Secondly, we will also characterize the metabolite and transcript profiles that accompany the blackening process in cut carrots, determining in particular if this is linked to the production of reactive oxygen species, secondary metabolites and programmed cell death. Thirdly, we will determine whether these processes also occur or can be induced in carrot cells growing in culture. If this is the case, the cell culture system will be used to analyse compounds that have the potential to delay blackening.
Fourthly, we will develop molecular and protein markers for carrot senescence and a pre-disposition to blackening. We will determine whether these markers can be used to predict susceptibility to blackening. Finally, we will determine the role of phytohormones and environmental effectors that influence the senescence of harvested carrots and identify factors/processes by which the susceptibility to blackening can be decreased.
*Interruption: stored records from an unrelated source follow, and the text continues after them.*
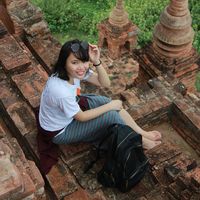 Le foto di Alex Nguyen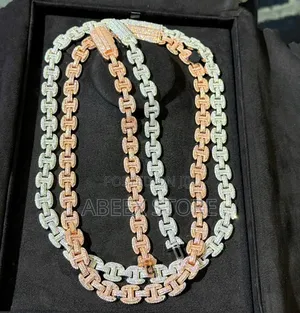 Luxury Zirconia Chain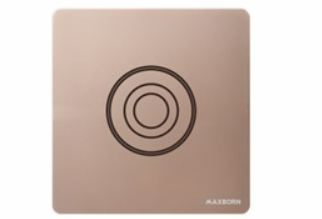 KG081人体感应延时开关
We are looking for some-one with a minimum of a 2-1 of 1st degree in a relevant topic and a keen interest in plant molecular physiology and biochemistry.
To start in Oct 2017. The studentship will provide fees and stipend.
Please note that candidates must have been resident in the UK for the last 3 years to be eligible for full funding; candidates who have not been resident in the UK are eligible for a fees-only studentship.